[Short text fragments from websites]
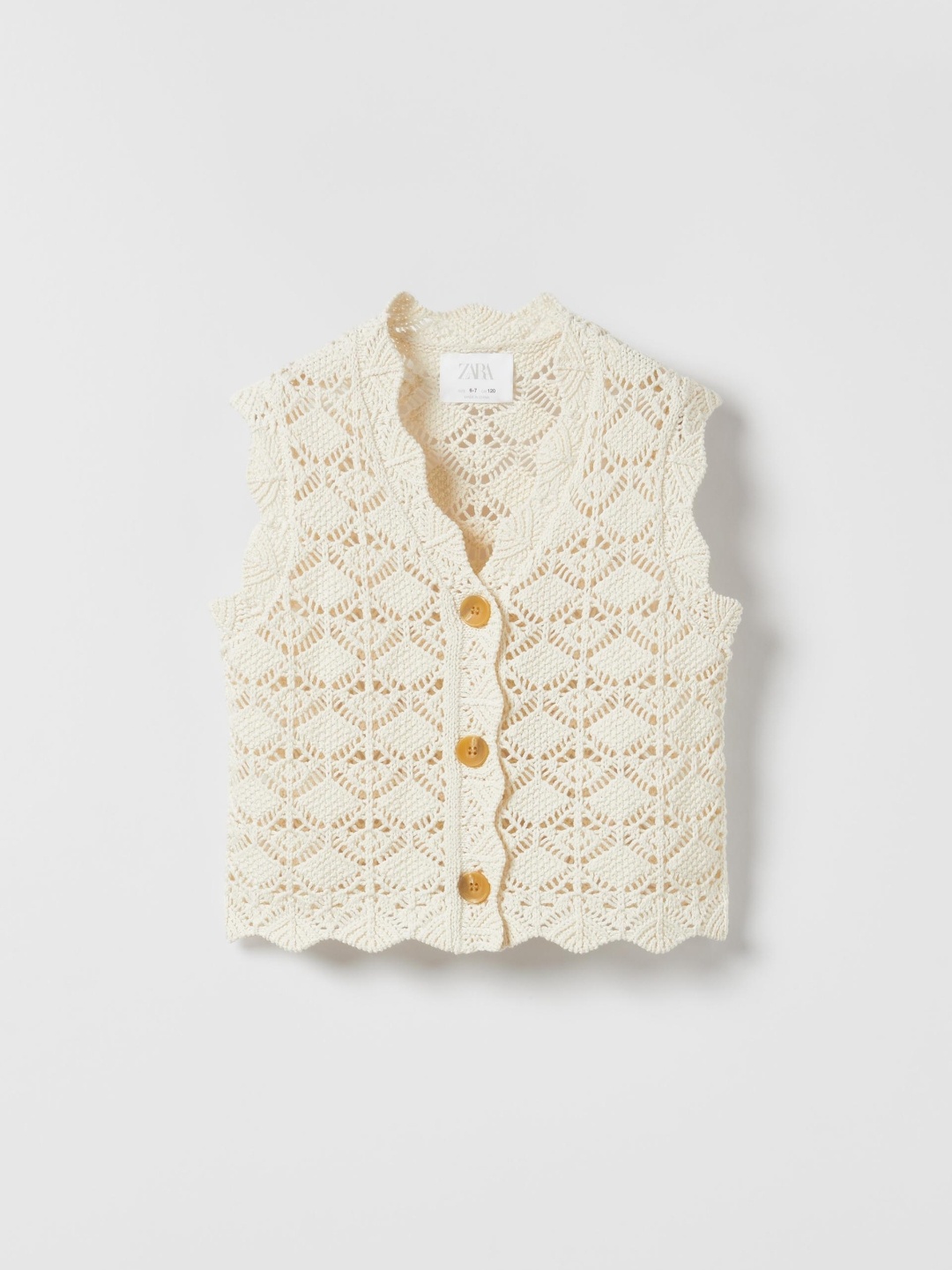 

ZARA Girls Beige Waistcoat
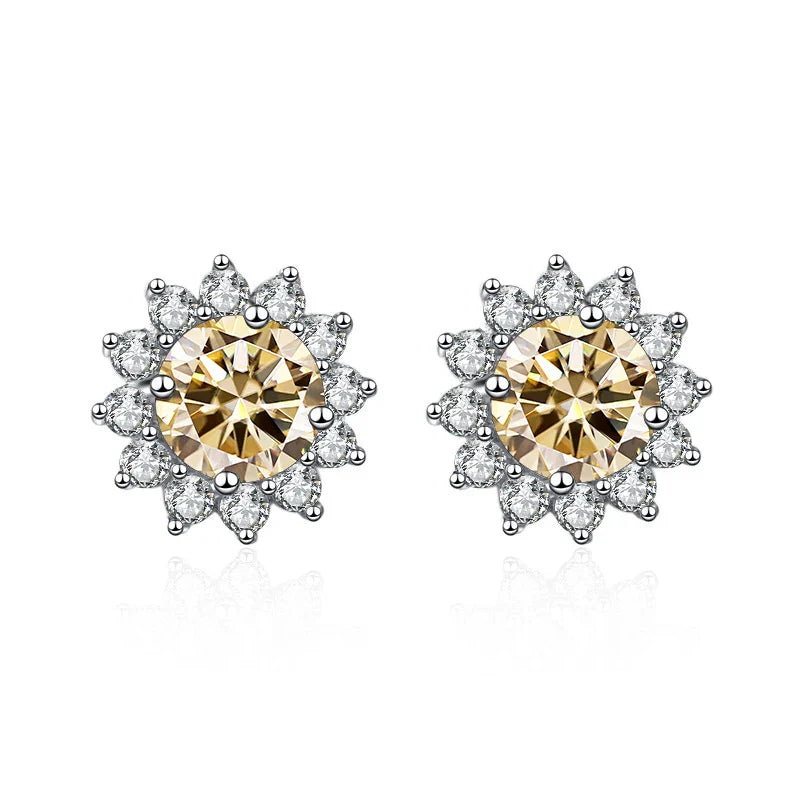 JoyceJelly 1 carat D Color Moissanite Diamond Earrings S925 Sterling Silver Jewelry For Women Sunflower Shaped Ear-studs Wedding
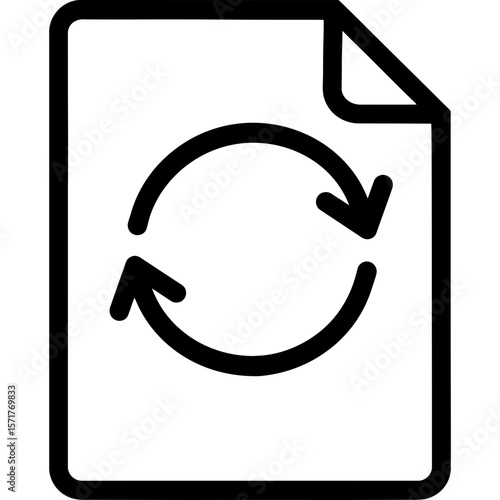 Refresh reload circular arrows outline icon vector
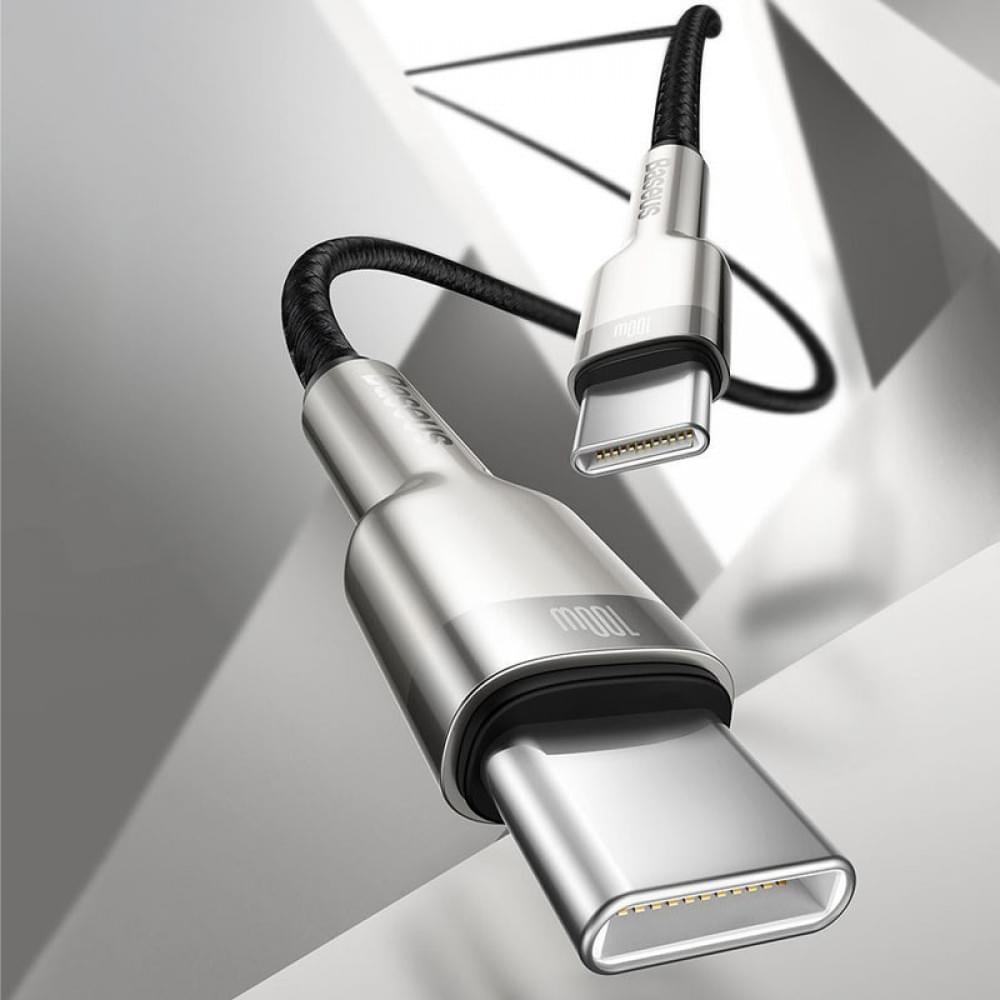 Дата кабель Baseus Cafule Series Metal Type-C to Type-C 100W (1m) (CATJK-C) Чорний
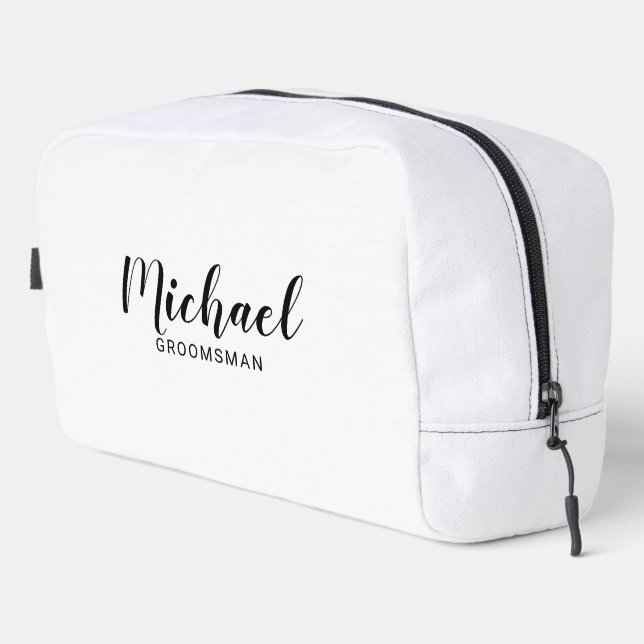 Neceser Groomsmen personalizado de escritura moderna (Esquina derecha)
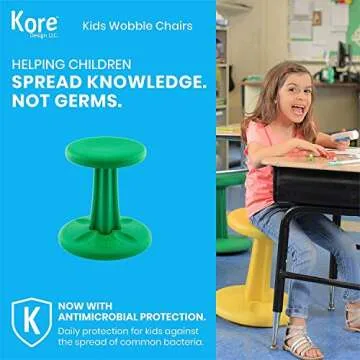 KORE Design Wobble Stool Chair, Girls + Boys Kid Desk Stools, Ergonomic Small Office Chairs, Flexible Seating for Active Child, ADD/ADHD, Classroom, School, Home, Kids (14in), Age 6-7 yrs, Green
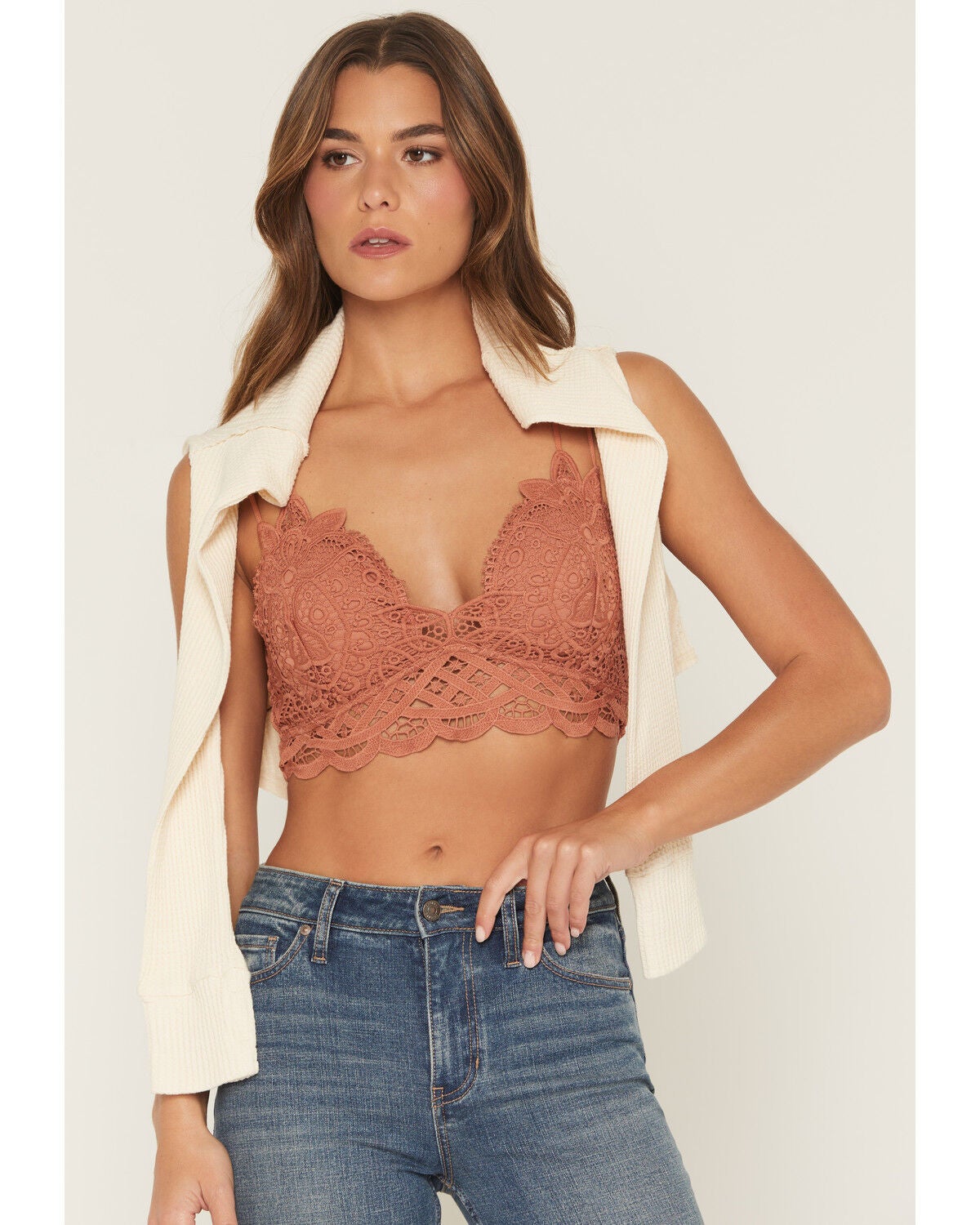 Image #1 - Wishlist Women's Strappy Lace Applique Scallop Lace Bralette, Rust Copper, hi-res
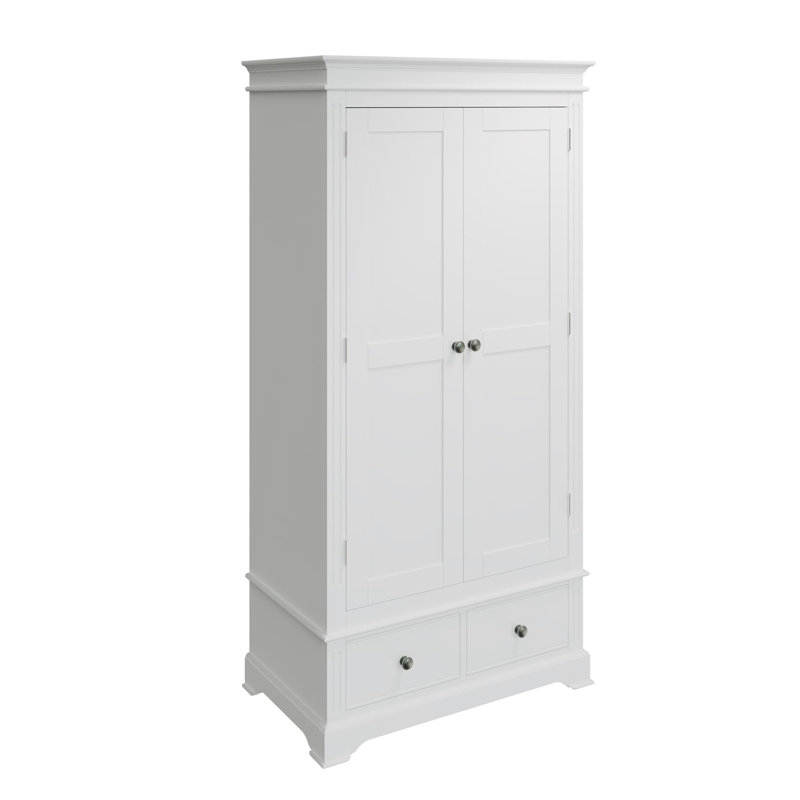 Brooklea 2 Door Wardrobe 2 Storage Drawers Hanging Clothes Rail Pine with MDF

* WORK ORDER
At the line containing "Neceser Groomsmen personalizado", begin reproducing the entries word for word, and continue through their last line. Leave out the pictures.

* TASK SOLUTION
 Neceser Groomsmen personalizado de escritura moderna (Esquina derecha)
 KORE Design Wobble Stool Chair, Girls + Boys Kid Desk Stools, Ergonomic Small Office Chairs, Flexible Seating for Active Child, ADD/ADHD, Classroom, School, Home, Kids (14in), Age 6-7 yrs, Green
 Image #1 - Wishlist Women's Strappy Lace Applique Scallop Lace Bralette, Rust Copper, hi-res
 Brooklea 2 Door Wardrobe 2 Storage Drawers Hanging Clothes Rail Pine with MDF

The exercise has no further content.